**MATERIAL FOR THIS TASK:**

----------------

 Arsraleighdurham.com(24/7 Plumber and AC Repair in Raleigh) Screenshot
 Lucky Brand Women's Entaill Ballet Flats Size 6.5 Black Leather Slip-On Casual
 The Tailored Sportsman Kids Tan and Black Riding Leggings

----------------

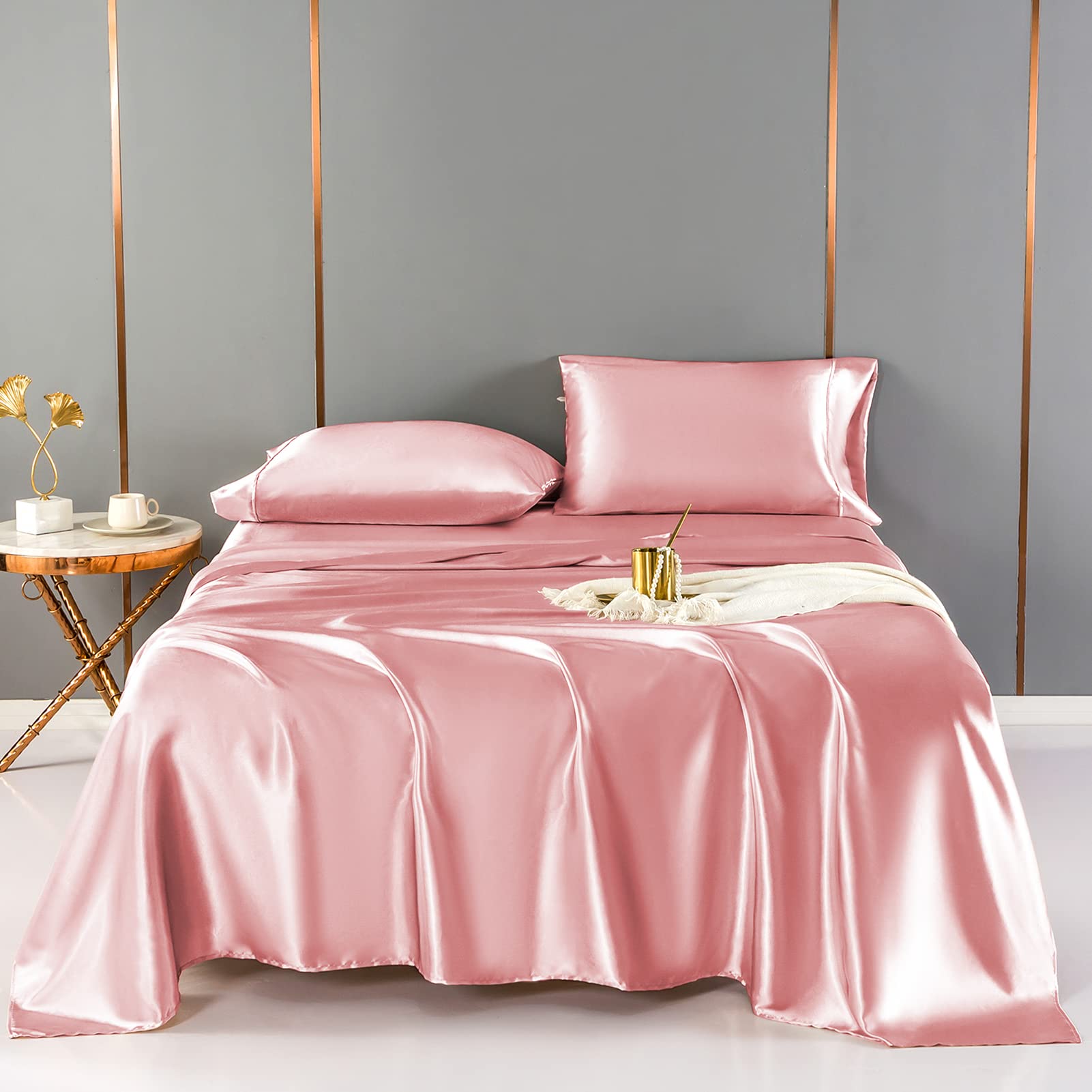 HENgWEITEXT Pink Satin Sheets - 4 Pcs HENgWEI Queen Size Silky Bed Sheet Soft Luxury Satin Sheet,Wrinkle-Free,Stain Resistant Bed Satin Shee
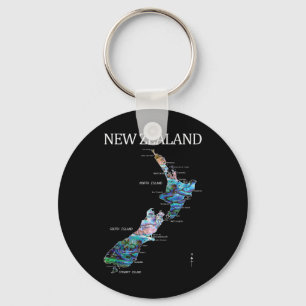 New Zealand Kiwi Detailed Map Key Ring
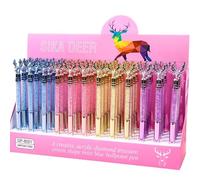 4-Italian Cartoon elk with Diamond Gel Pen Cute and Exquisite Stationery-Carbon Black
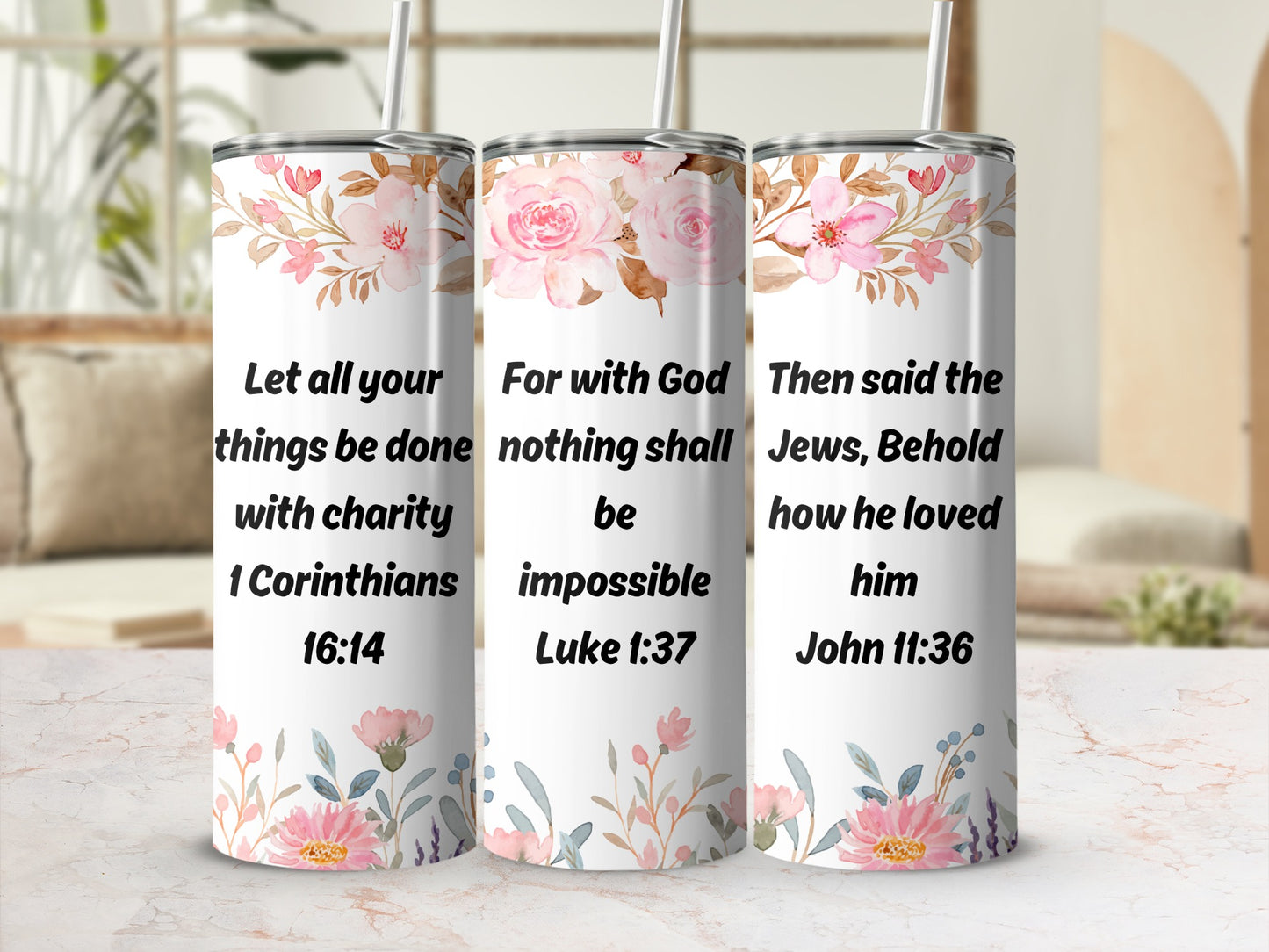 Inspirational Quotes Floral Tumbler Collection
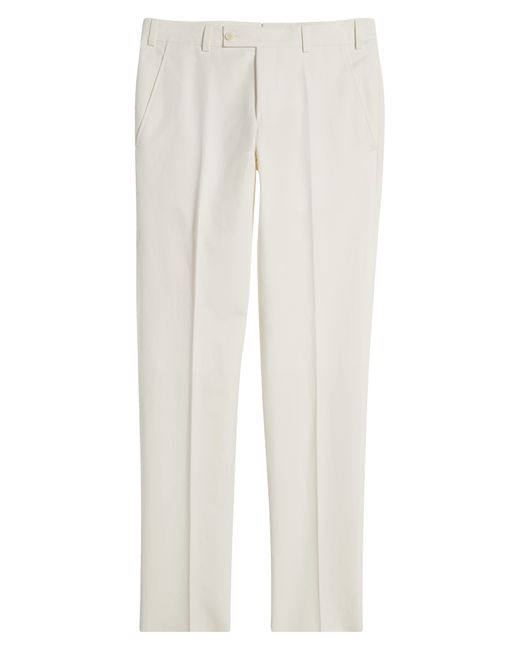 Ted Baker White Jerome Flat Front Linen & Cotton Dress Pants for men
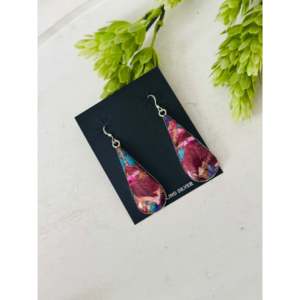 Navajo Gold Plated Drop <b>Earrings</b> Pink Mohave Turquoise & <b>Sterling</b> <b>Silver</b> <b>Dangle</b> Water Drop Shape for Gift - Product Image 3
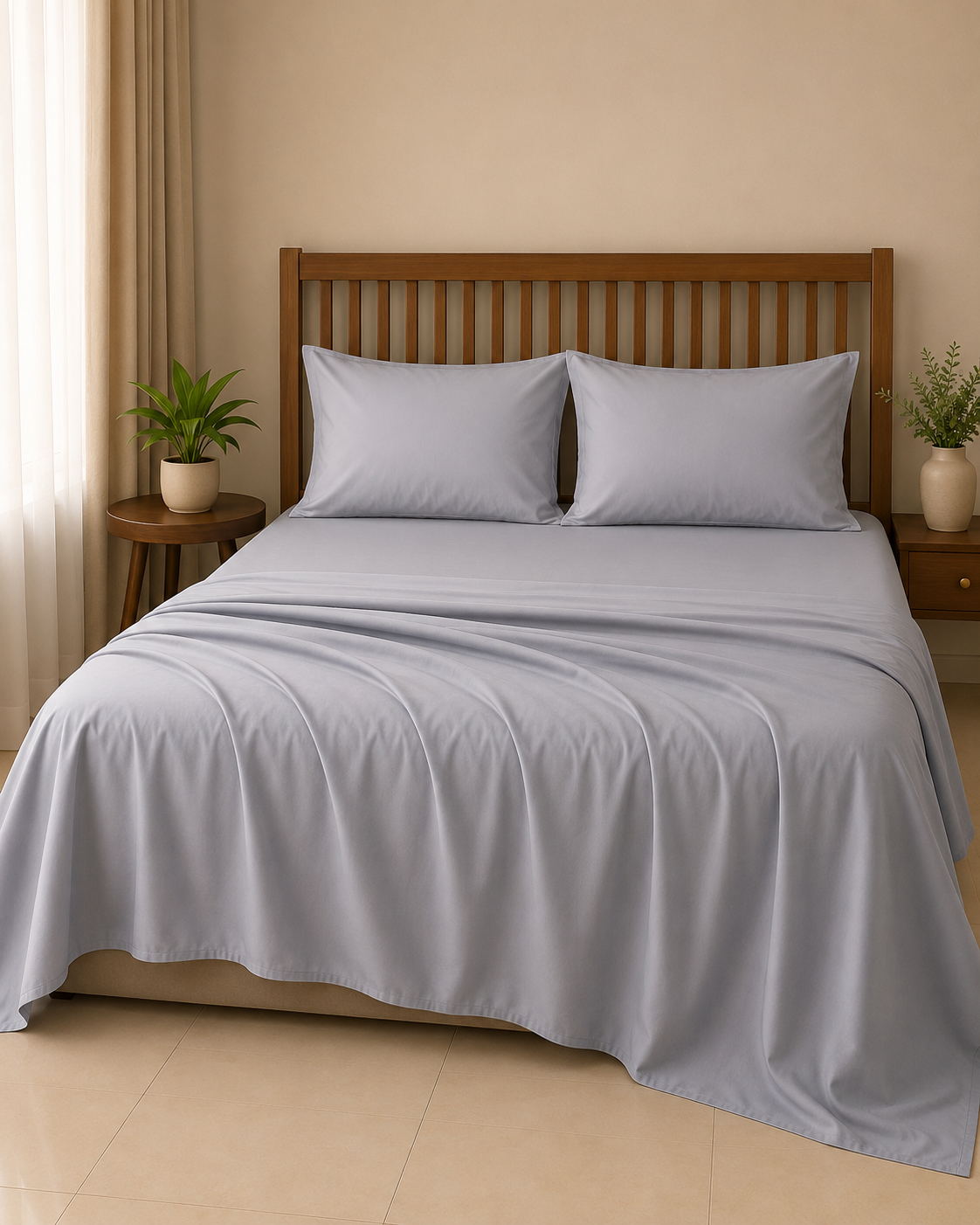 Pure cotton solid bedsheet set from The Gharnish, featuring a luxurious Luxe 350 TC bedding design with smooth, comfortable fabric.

----------------

**INSTRUCTIONS FOR THE TASK:**
Reproduce the records above exactly, but only from the line with "4-Italian Cartoon elk" up to and including the line with "Pure cotton solid". Leave the pictures out.

**RESPONSE BELOW:**
 4-Italian Cartoon elk with Diamond Gel Pen Cute and Exquisite Stationery-Carbon Black
 Inspirational Quotes Floral Tumbler Collection
 Ted Baker White Jerome Flat Front Linen & Cotton Dress Pants for men
 Navajo Gold Plated Drop <b>Earrings</b> Pink Mohave Turquoise & <b>Sterling</b> <b>Silver</b> <b>Dangle</b> Water Drop Shape for Gift - Product Image 3
 Pure cotton solid bedsheet set from The Gharnish, featuring a luxurious Luxe 350 TC bedding design with smooth, comfortable fabric.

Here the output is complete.